After checking out of the hotel (automatically, of course), driving his car back to Avis at SFO, flying back to Denver, and driving back to his house, TomTom tells TripEase that Bob has completed the trip and raises an end-of-trip event.
Expensify sees the event and moves Bob’s journaled expenses—air fare, hotel, rental car, gas purchases, dinner, personal driving mileage (to and from the airport), and parking fees—from his trip journal to his expense report. After reviewing and approving the report, Bob tells Expensify to send it to BigCo’s Salesforce system, which is in the cloud Salesforce keeps for BigCo.
Expensify has also sent copies of expenses to Bob’s own personal cloud, which comprises these:
- His personal data store (PDS), which is where he keeps his personal data, fed from many sources, including all the apps and services mentioned. While Bob could keep his PDS on a self-hosted server, his preference is to use Singly, a fourth-party he pays to keep his data and relationships sorted out, secure, and up to date. Singly also has a rules engine he can use, but he isn’t limited to that one alone.
- His personal API. This can live anywhere, but would most likely live with his PDS.
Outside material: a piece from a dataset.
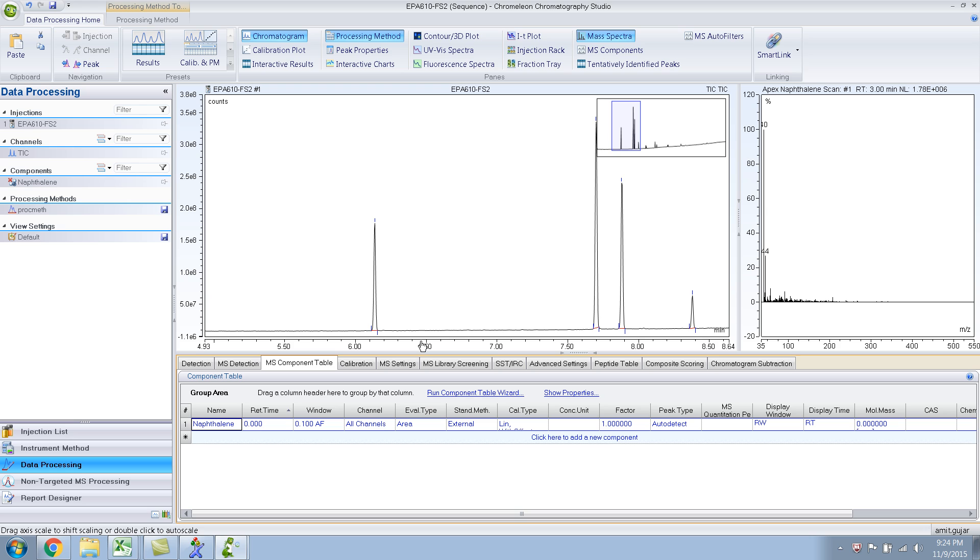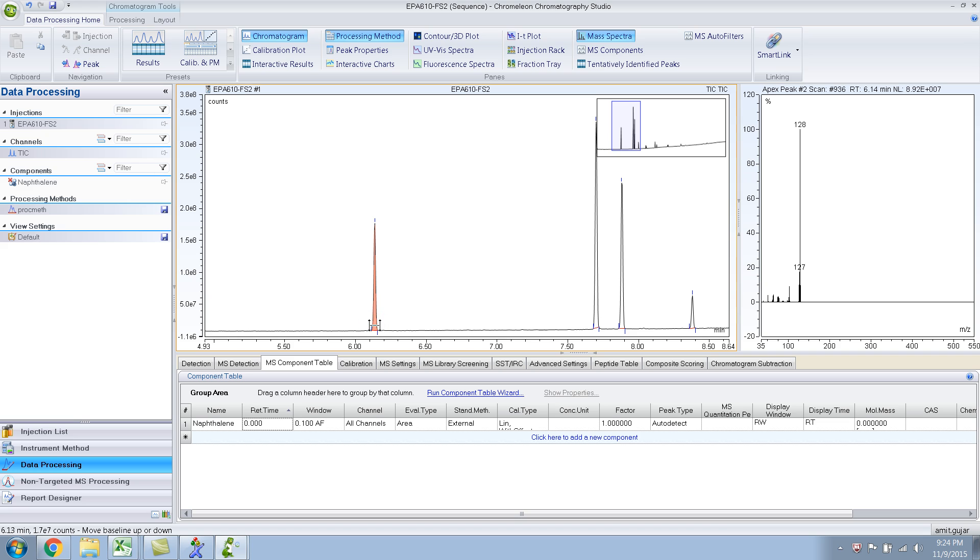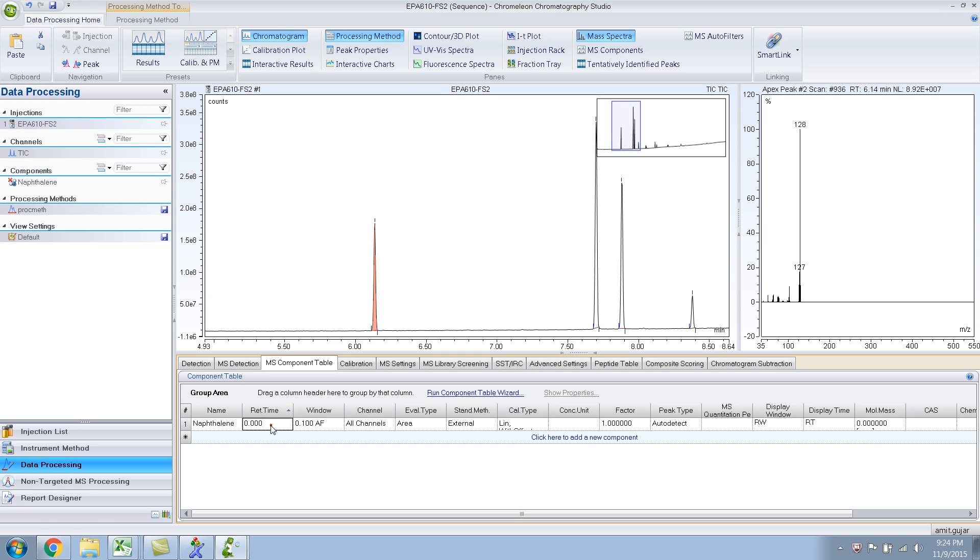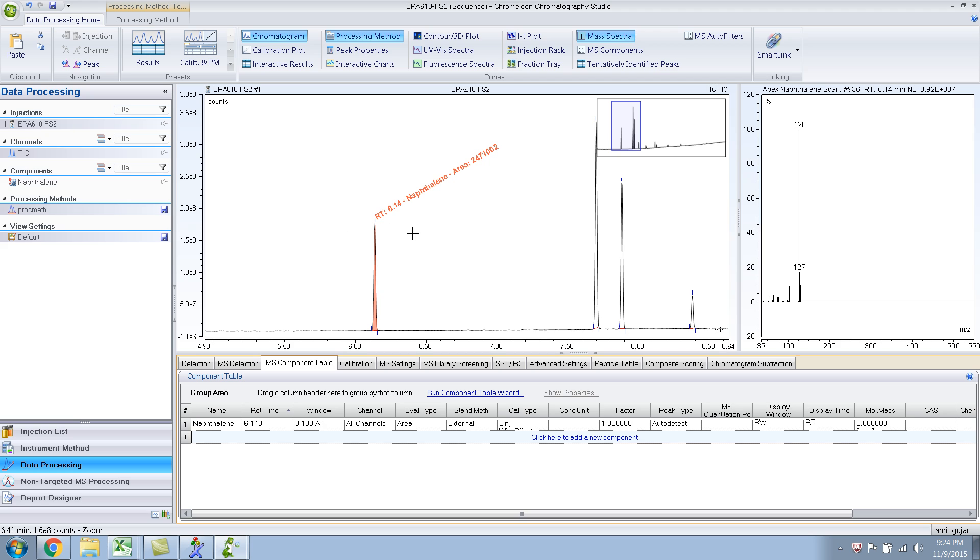So it automatically creates the compound naphthalene, but as you can see the retention time with respect is zero. So you need to type in the right retention time for this compound. So let me click on this compound again. You can see it over here, RT 6.14. So that's what you type in, 6.14. And enter, and there you go. So you have your first compound in the component table.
- His rules, written in KRL.
- His memorandum book.
- His journal and ledger, kept by QuickBooks.
His memorandum book is the modern version of what for centuries was the first step in double-entry bookkeeping: the place where everything that happens is first written down. This helps Bob (and his tax preparer) remember what happened when, as well as what it cost. From there, it goes to his journal and then to his ledger, which can generate the usual reports. Meanwhile, he has an accountable and auditable trail of records.
Would we not want to have a personal system like this? Where our settings combined with our actions to trigger the delivery of a service and we get to understand our own patterns, preferences, and improvements based on data. A better version of the quantified self, a two-way version of the much touted Uber experience.
This is all built on relationships where we decide what we share and with whom. Richer experiences reduce the role of luck for organizations as well, imagine doing forecasts on actual bookings through APIs -- and take care of bribery programs and of the expensive guesswork in the process.